For people who already have children of their own (biologically speaking), I think adoption must seem like a very romantic idea. What could be more beautiful than taking in a child that's not yours and raising it in a loving home as if it were your own? What could be more Christian? The Bible speaks of adoption multiple times, and we are adopted into Christ's family if we have chosen Jesus. But for people who have battled infertility, who face adoption as their only option of having children, it's not quite so romantic. It's heartbreaking and daunting.

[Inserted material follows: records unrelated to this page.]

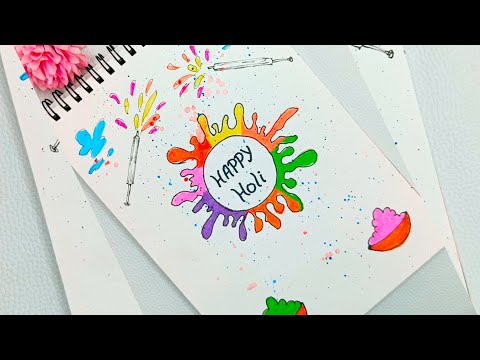 Holi Easy Drawing For Beginners || Happy Holi || holi painting || holi song || holi colors ||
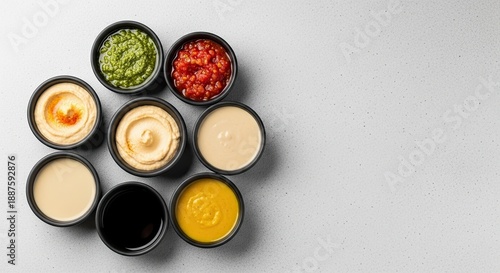 Variety of condiments in small bowls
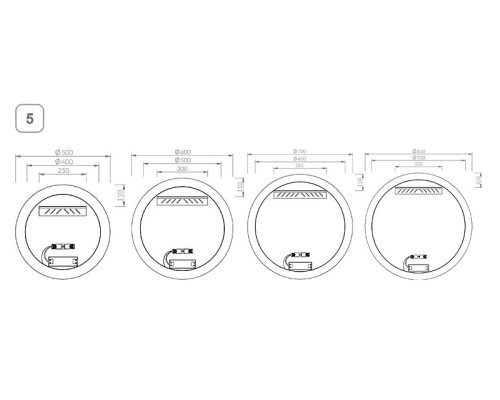 Зеркало Ravak Luna 50 X000001577 с подсветкой круглое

I've had several people ask me lately what the status is on the process, and some have even admonished me for not turning in the application yet when I give them the update. It's a lot more difficult than you might think, for me anyways, to drop that heavy envelope into the mail. I know that turning in the application doesn't mean we still can't miraculously get pregnant on our own, but it just feels so final to me. It feels like closing a door on that period of our lives, and maybe I jumped in too soon and I haven't grieved our fertility as much as I needed to. My 31st birthday was last month, and I'll admit that it stung quite a bit. I hope that it gets easier rather than harder; I hope every birthday is not just another reminder of my decrepit ovaries.
My deep down views on adoption haven't changed. I know I'll get there, that I will send off the application sooner than later, and when I do I'll let you know. Just let me be the one to bring it up.